Little is known about the DNA helicases required for the elongation phase of eukaryotic chromosome replication. Minichromosome maintenance (MCM) protein complexes have DNA helicase activity but have only been functionally implicated in initiating DNA replication. Using an improved method for constructing conditional degron mutants, we show that depletion of MCMs after initiation irreversibly blocks the progression of replication forks in Saccharomyces cerevisiae. Like the Escherichia coli dnaB and SV40 T antigen helicases, therefore, the MCM complex is loaded at origins before initiation and is essential for elongation. Restricting MCM loading to the G1 phase ensures that initiation and elongation occur just once per cell cycle.

The six MCM proteins of the MCM2-7 family are assembled at the end of mitosis into pre-replicative complexes (pre-RCs) at origins of DNA replication and are essential for origin activation to occur as cells enter the S phase [reviewed in (1, 2)]. A subcomplex of three human MCM proteins, MCM4, -6, and -7, has limited DNA helicase activity in vitro (3, 4), and an archaeal protein related to the MCM2-7 family also functions as a DNA helicase (5, 6), suggesting that MCM proteins may be required for strand unwinding during the initiation step of chromosome replication. After initiation, MCM proteins become redistributed away from origins (7), but previous genetic analysis indicated that MCM proteins are not required for chromosome replication to be completed after origin activation (8, 9), which supports arguments against an essential role for MCM proteins in the progression of replication forks.

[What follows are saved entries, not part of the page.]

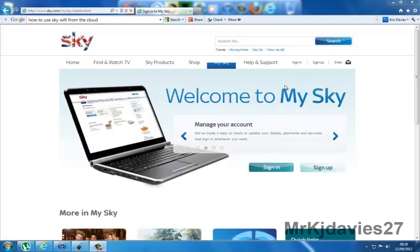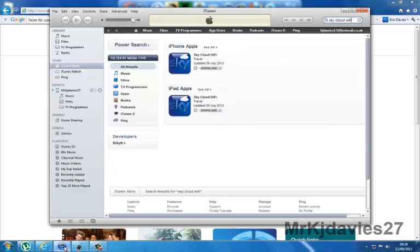So once you've set it up, you can download an app from iTunes. This is the app here, it's called Sky Cloud Wi-Fi. You can download it and it's free to download — you can download it from here or directly from the App Store on your device.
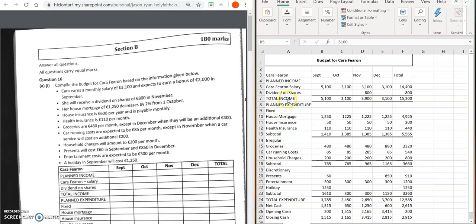This total income will be used later on to help us calculate the net cash. Our next section is planned expenditure. There are three types of planned expenditure: fixed, irregular, and discretionary. Fixed is a set amount each month. Irregular varies each month but covers more essential items. Discretionary is money left over — wants rather than needs. So fixed and irregular are needs; discretionary represents wants.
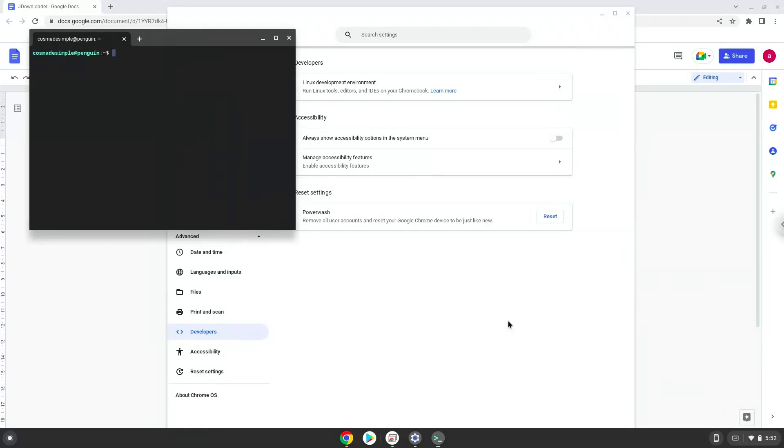Now that we have enabled Linux apps on our system, we will continue to the next step, which is to run several commands in a terminal, which will install JDownloader. All the commands are in the video description.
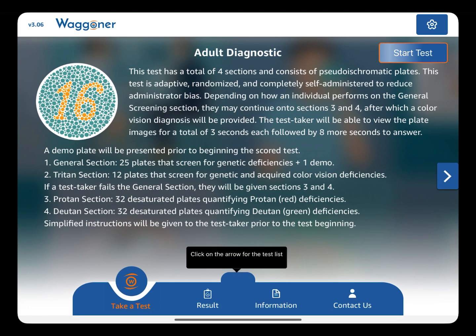Congratulations. You are now ready to test your first patient. Click Start Test in the upper right.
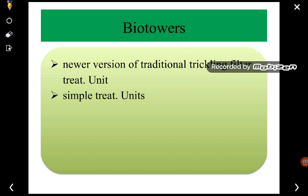Before going to the trickling filter, we must know what a biotower is. Biotowers are a new version of the traditional trickling filter treatment unit. Earlier, trickling filter treatment units were used, but the new version of the trickling filter is the biotower. Both biotowers and trickling filters are relatively simple treatment units.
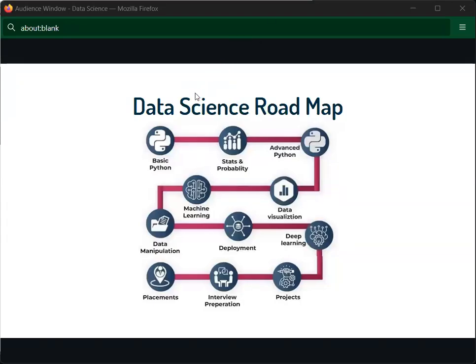Hello guys, welcome to another session on data science. Today we are going to talk about the roadmap. When you enter data science, you can enter job placement and you can do a project your own way. We have a roadmap, and you need to pass through all these steps. So let's start from the beginning.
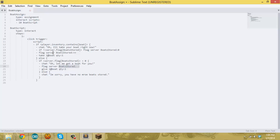Similar to 'server', there's also an 'npc' option, which stores the flag on the NPC itself. If you have multiple NPCs with the same script, they can each have different values. So if you change everything to 'npc', each NPC collecting boats would have its own supply of boats rather than one big server-wide supply. And that's the basics of how to use a flag.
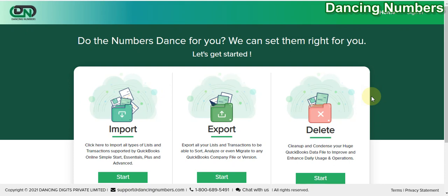Hello and welcome to Dancing Numbers. Today we are going to see how easily we can remove or delete information that is no longer required to keep in your QuickBooks Online company. To begin, you can either click on sign in on the top right corner or you can click on start to start the delete process.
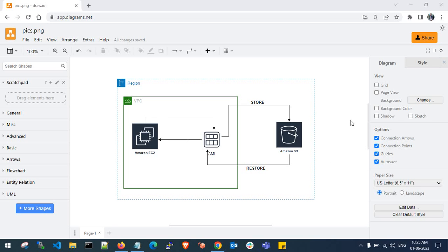Hello guys, welcome back to my channel. In this video I show you how to take an AMI backup for an Amazon EC2 server and store it into an Amazon S3 bucket. You can store an Amazon Machine Image into an Amazon S3 bucket and restore from wherever you want, which can reduce cost. For security purposes, or if you have purchased a license for a certain tool or operating system, you can take an AMI backup for several days or years.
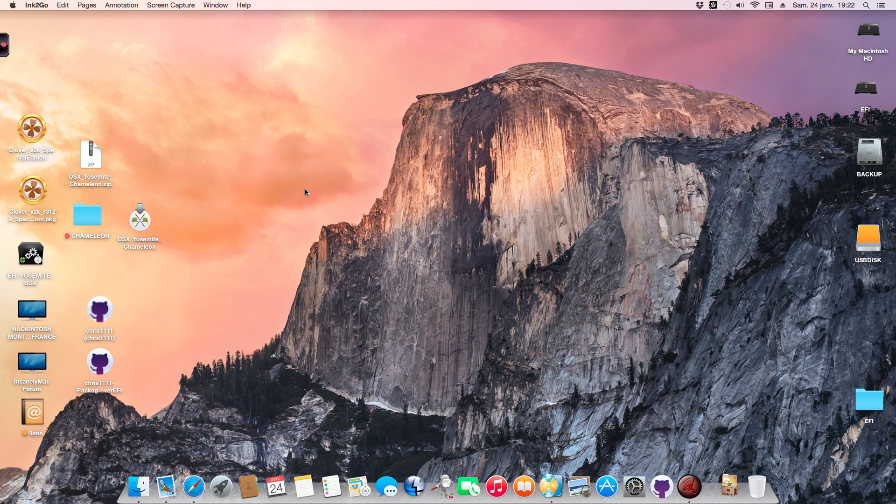Hey everybody, this is Chris. Today I'll show you how to use the new installer for OS X Yosemite with Chameleon.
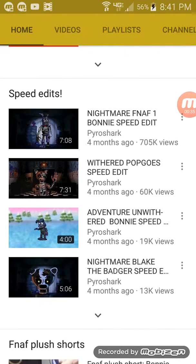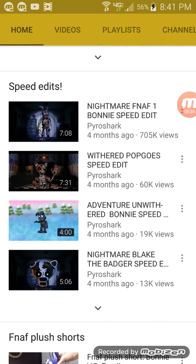I'm just going to ask Pro Shark about this one video. If he's listening to this, I just want to ask him: how do you edit things and how do you speed edit things? That's what I want to know.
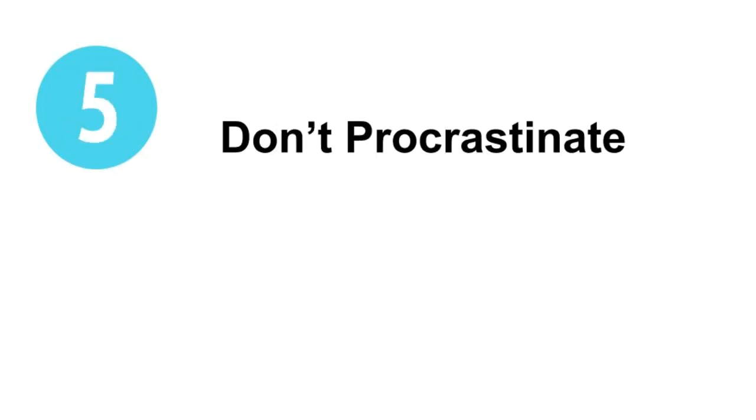Number five, don't procrastinate. Online classes can invite epic procrastination. To avoid this situation, create your own schedule for completing your work.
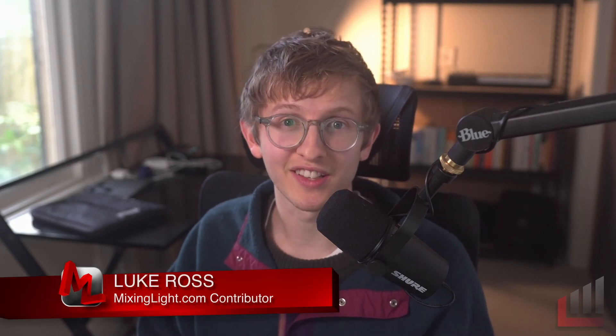I hope you found that insight helpful. As always, I am monitoring the comments down below. So definitely leave me a comment, let me know what you think. And we'll catch you in the next insight. For mixinglight.com, I'm Luke Ross.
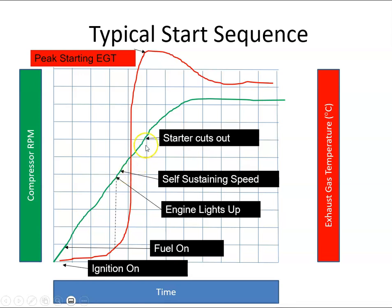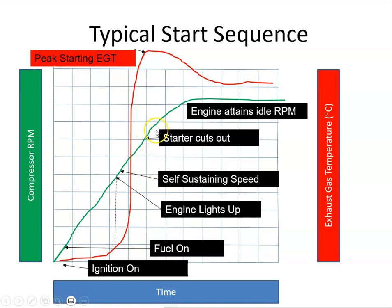The next stage is the starter motor cuts out. During all this time the fuel is being burnt in the combustion can and we reach peak temperature, then as RPM is building up there's more air coming in so the temperature begins to cool down. The engine continues to increase RPM until it gets to its idle RPM, at which point both the RPM and the EGT level out. That is a typical start sequence.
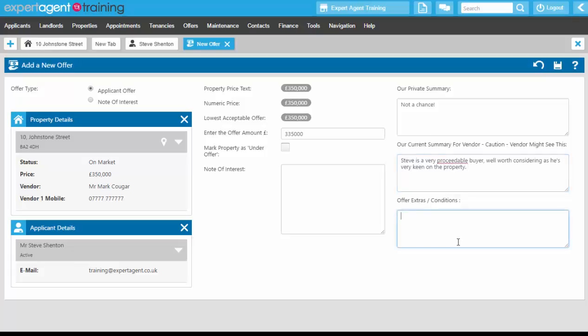There are offer extras and conditions here. For example, if it's a thatched property, maybe they want the thatch addressed before they look at the offer, or maybe they want the carpets left in the property — anything along those lines. It's a very simple one-page wizard and you can press the Save button.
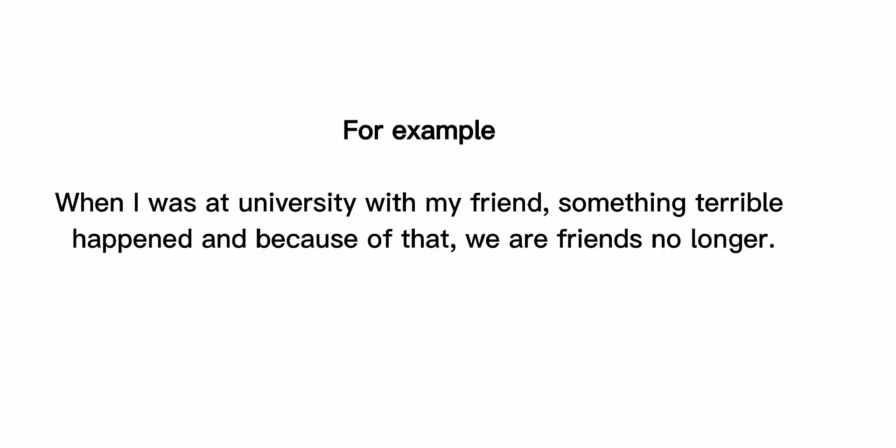For example, when I was at university with my friend, something terrible happened and because of that, we are friends no longer.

To clarify the in vivo role of MCM proteins during chromosome replication, we generated a novel set of conditional mcmmutants. Initially, we used the “heat-inducible degron” method of Dohmen, Wu, and Varshavsky (10), whereby the target gene is altered such that an NH2-terminal extension (the degron) is added to the protein of interest, specifically reducing the half-life of the fused product at 37°C. However, we found that degradation of such fusion proteins at 37°C is inefficient and inactivation of protein function is incomplete. For example, when a mcm7-tdmutant is shifted to 37°C, the level of Mcm7-td protein declines slowly and can still be detected after 2 hours at 37°C [Fig. 1A, (i)], and cells arrest with a DNA content between 1C (the amount of DNA in a haploid cell in the G1 phase) and 2C (the amount of DNA in a haploid cell in the G2 phase) [Fig. 1B, (i)]. To improve the method, we took advantage of the fact that expression ofUBR1, the gene encoding the degron recognition factor, can be regulated by the galactose-inducible GAL1-10 promoter without inhibiting cell growth. In the absence of UBR1expression, the level of Mcm7-td protein is unchanged after shifting to 37°C [Fig. 1A, (ii)] and colony formation is not inhibited (11). However, when cells are grown in the presence of galactose to induce high levels of GAL-UBR1 expression, Mcm7-td protein is present at 24°C but is very rapidly degraded upon shifting to 37°C and disappears by 30 min [Fig. 1A, (iii)]. This causes cells to accumulate with a DNA content close to 1C [Fig. 1B, (ii)].

Figure 1

An improved method for the generation of t.s. mutants that efficiently inactivate protein function (11). (A) Asynchronous cultures of mcm7-td UBR1 + and mcm7-td ubr1Δ::GAL-UBR1 strains were grown in yeast extract, peptone, and raffinose (YP+Raffinose) medium (GAL-UBR1 OFF) or YP+Galactose (GAL-UBR1 ON) at 24°C. Cells were then shifted to 37°C and samples were taken at the indicated times (in minutes) to prepare protein extracts. (B) The DNA content ofmcm7-td UBR1+ and mcm7-td ubr1Δ::GAL-UBR1 strains was determined by flow cytometry after shifting to 37°C in YP+Galactose. (C) Immunoblot analysis of the indicated strains, before and after shifting to 37°C in YP+Galactose for 1 hour [for details of antibodies, see (11)]. (D) The indicated strains were grown in YP+Galactose at 24°C, before arresting in G1 with α factor. Cells were then shifted to 37°C for 1 hour before releasing into fresh medium at 37°C lacking α factor. DNA content was monitored by flow cytometry.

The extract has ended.